Nel bilanciamento tra l’interesse della collettività a conoscere fatti penalmente rilevanti e l’interesse del minore a tutelare la propria immagine, il nostro legislatore ha, dunque, decisamente optato in favore di questo secondo interesse, ritenuto preminente. Vengono così richiamate ed analizzate le disposizioni poste a presidio del minore coinvolto in ambito penale (anche, e soprattutto, in veste di imputato), prestando particolare attenzione ai principi sovranazionali che ne hanno ispirato l’affermazione. Tra questi, l’art. 8 delle «Regole minime per l’amministrazione della giustizia minorile» (le c.d. «Regole di Pechino»); sulla stessa linea, la Raccomandazione del Comitato dei Ministri del Consiglio d’Europa sulle «risposte sociali alla delinquenza minorile» n. 20, approvata a Strasburgo il 17 settembre 1987; il principio n. 8 della Raccomandazione del Comitato dei Ministri del Consiglio d’Europa 10 luglio 2003, n. (2003)13, «sulla diffusione di informazioni da parte dei media in relazione ai processi penali». 
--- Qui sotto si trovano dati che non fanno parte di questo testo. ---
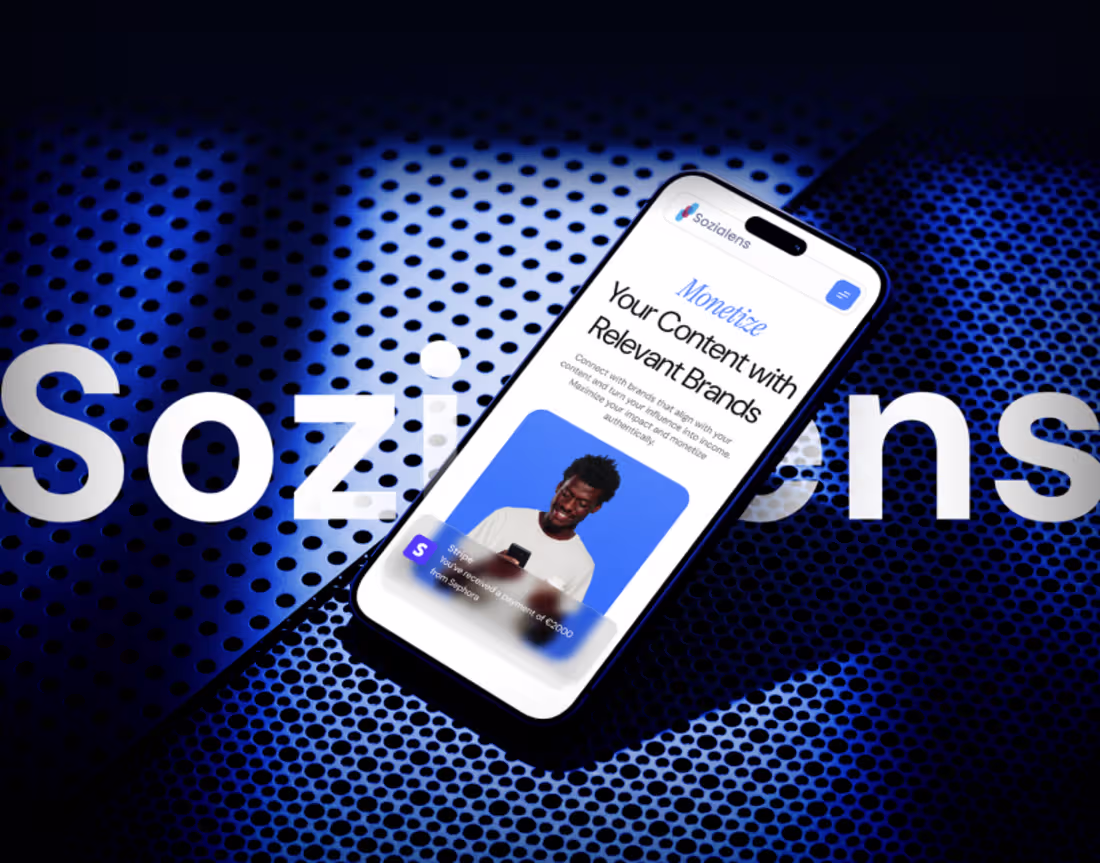 Cover image for Sozialens - Brand, Website and Product Design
In un’ottica di maggior tutela è stato, poi, disposto, con l’art. 10, comma 8, l. 3 maggio 2004, n. 112 (c.d. «legge Gasparri»), il divieto di divulgazione di altre notizie che possano comunque consentire, anche indirettamente, l’identificazione del minorenne, essendo inizialmente contemplato nel corpo dell’art. 114, comma 6, c.p.p. esclusivamente il divieto di pubblicare le generalità e le immagini del minore. In tal modo, si è allargata la tutela accordata per quanto riguarda gli elementi di identificazione del minore, conformandosi più strettamente sia con la disciplina sulla protezione dei dati personali (allora contenute nel d.lgs. 30 giugno 2003, n. 196), sia con quanto previsto dalle norme del rito minorile (art. 13 d.P.R. 22 settembre 1988, n. 448). Si è, così, colmata una grave lacuna e sono state protette dall’invasività dei media non solo le generalità o l’immagine del minorenne, bensì anche elementi differenti che possono comunque condurre, anche se non immediatamente, alla sua identificazione, trovando così protezione un più ampio diritto alla riservatezza da parte del minore coinvolto in ambito penale. 
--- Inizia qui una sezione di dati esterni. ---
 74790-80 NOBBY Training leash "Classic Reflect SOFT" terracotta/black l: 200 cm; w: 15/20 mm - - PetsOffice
I principi contenuti nell’art. 13 d.P.R. n. 448/1988 sono oggetto di una più esplicita enunciazione nella c.d. “Carta di Treviso» del 5 ottobre 1990, una sorta di codice deontologico dei giornalisti in materia minorile, approvato dalla Federazione Nazionale della Stampa e dall’Ordine dei Giornalisti. 

 

5. Nella Parte Quarta del libro, dal titolo «Pubblicità del dibattimento e trasparenza della decisione», sono analizzate la disciplina della pubblicità del dibattimento ex art. 471 c.p.p. – derogabile in presenza di altri interessi meritevoli di essere salvaguardati (procedimento a porte chiuse: artt. 472-473 c.p.p.) – e la funzione extraprocessuale della motivazione della sentenza. 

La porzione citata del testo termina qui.